(Saved entries)
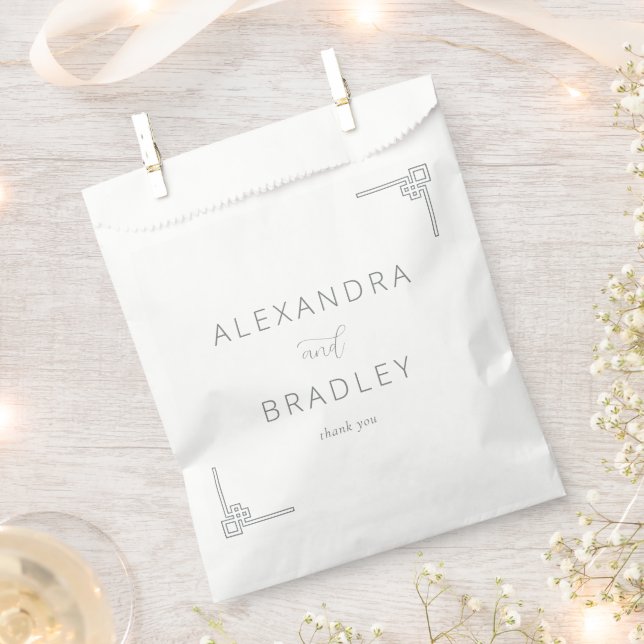 Elegant Black Geometric Accents Favour Bag (Clipped)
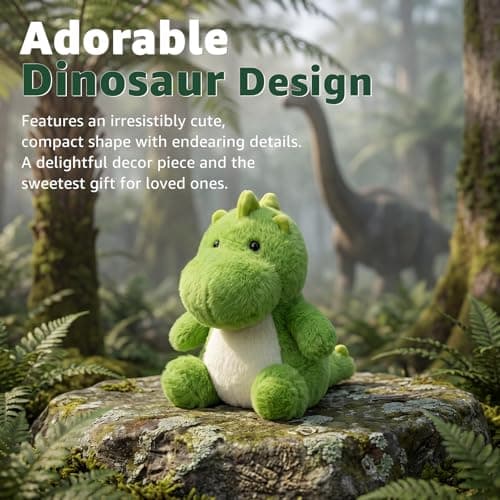 Ditucu Palm-Sized Dinosaur Stuffed Animals Cute Soft Mini Dino Plush Doll Small Plushies Toys Gifts for Kids Green 6 inch — view 3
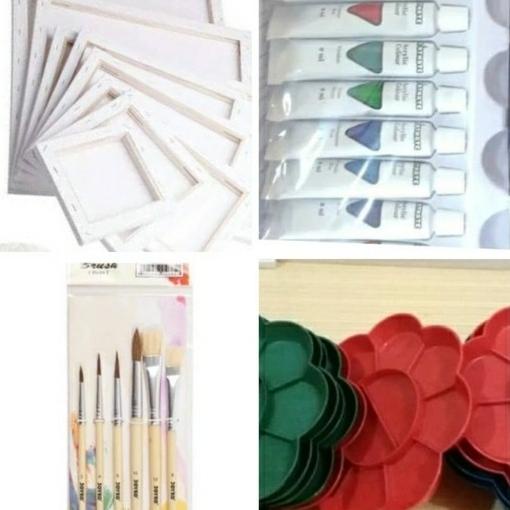 

paket lukis(kanvas 20x20+kuas+palet+cat akrilic)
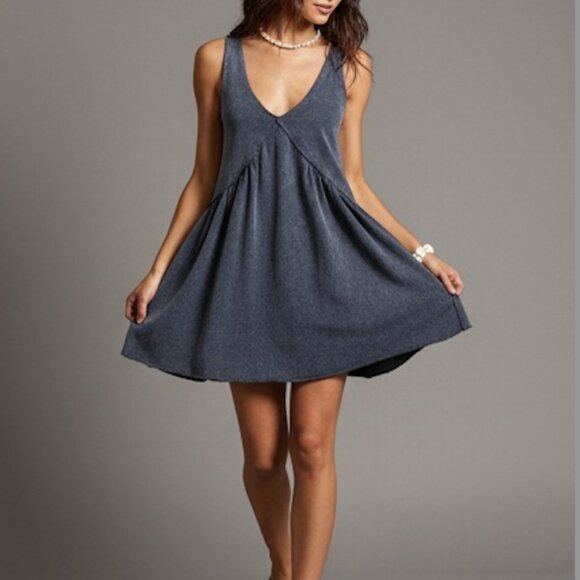 Boho  V-Neck Loose Knit Short Dress Gray - Picture 2 of 8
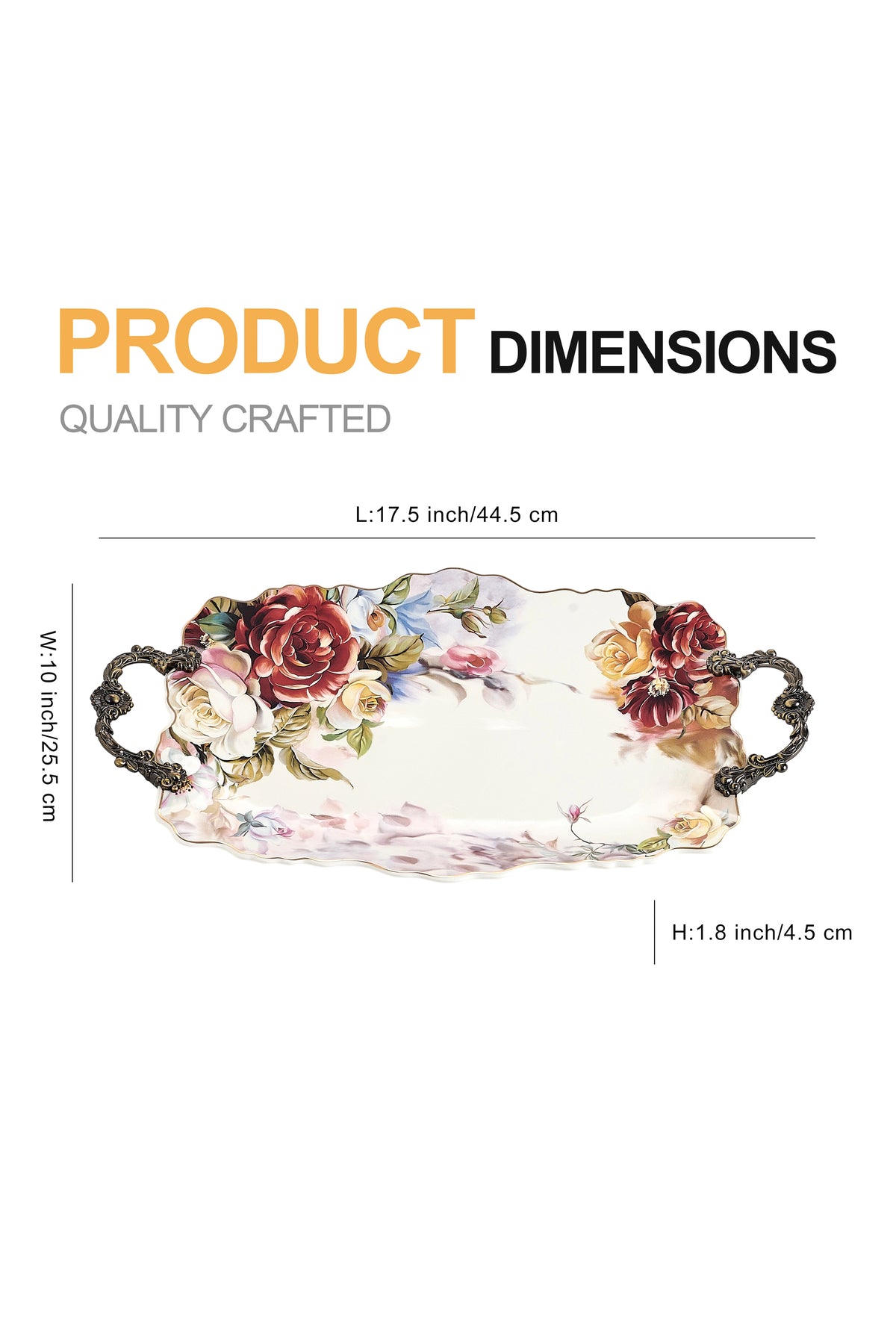 Tavă servire porțelan ovală model floral vintage, mânere metalice bronz, 44.5 cm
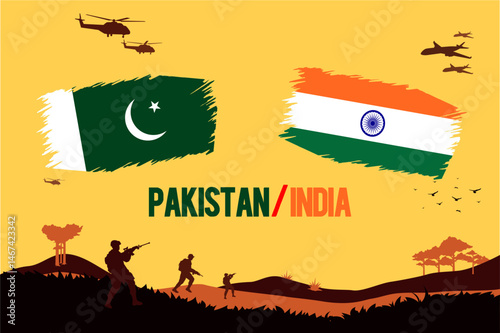 Pakistan vs India War Concept. Indo Pak war concept with fighter jets, helicopters, trees, soldiers and flags vectors. Editable eps file.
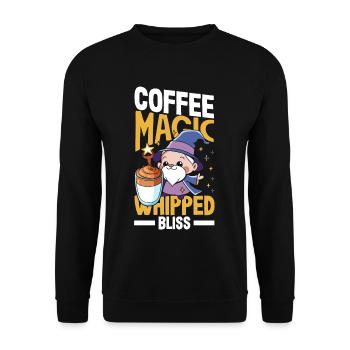 Coffee Magic Dalgona Whipped Bliss - Unisex Pullover - Schwarz - Vorne - Alina (178cm) & Michal (187cm)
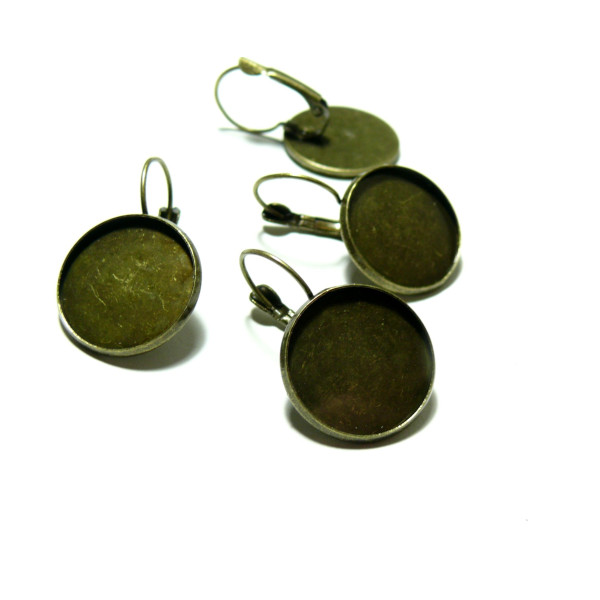 Dormeuses Boucles d'Oreilles 18mm – Laiton Bronze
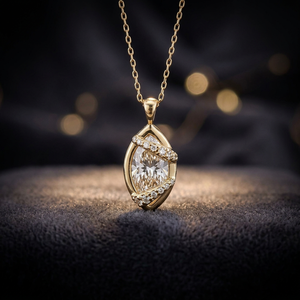 Pendentif en diamant marquise de luxe, bijoux en diamant cultivé en laboratoire/naturel en gros, fournisseur OEM/ODM - Product Image 1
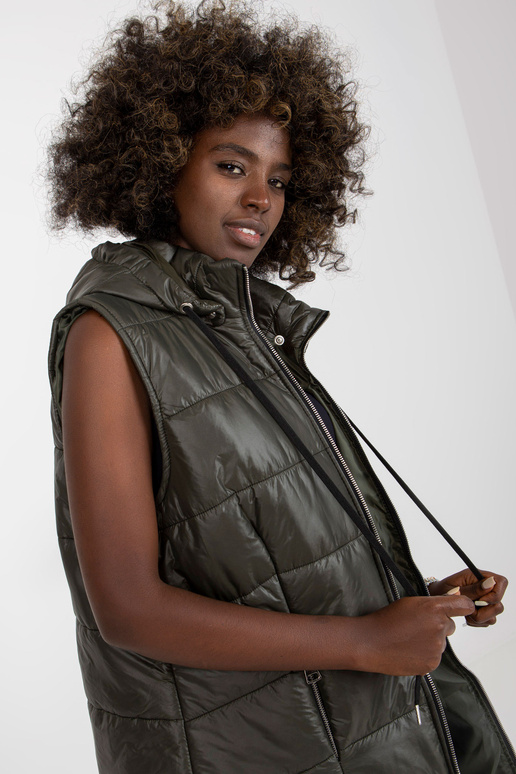 Khaki stepēta dūnu veste ar kabatām...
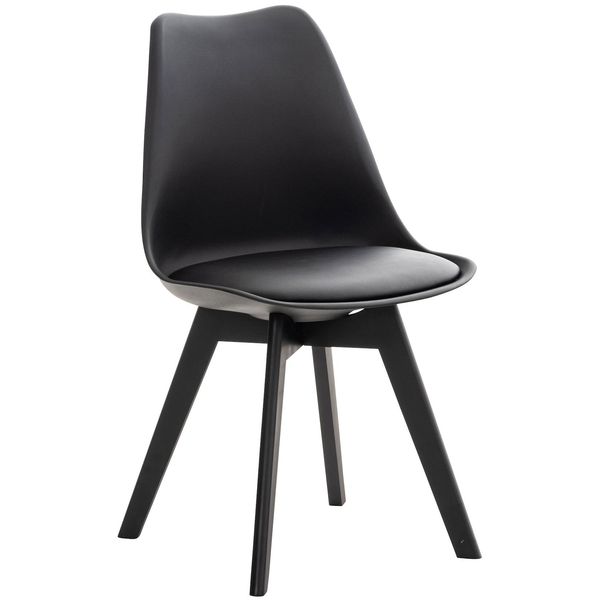 Bild von CLP Esszimmerstuhl Linares Kunststoff I Stoff I Samt I Cord I Lederoptik I Lehnstuhl Mit Holzgestell, Farbe:schwarz/schwarz, Material:Kunststoff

> Work instruction
Copy exactly the lines that run from the one containing "Dormeuses Boucles d'Oreilles" to the last line of the records, both included, and leave out every picture.

> Final answer
 Dormeuses Boucles d'Oreilles 18mm – Laiton Bronze
 Pendentif en diamant marquise de luxe, bijoux en diamant cultivé en laboratoire/naturel en gros, fournisseur OEM/ODM - Product Image 1
 Khaki stepēta dūnu veste ar kabatām...
 Bild von CLP Esszimmerstuhl Linares Kunststoff I Stoff I Samt I Cord I Lederoptik I Lehnstuhl Mit Holzgestell, Farbe:schwarz/schwarz, Material:Kunststoff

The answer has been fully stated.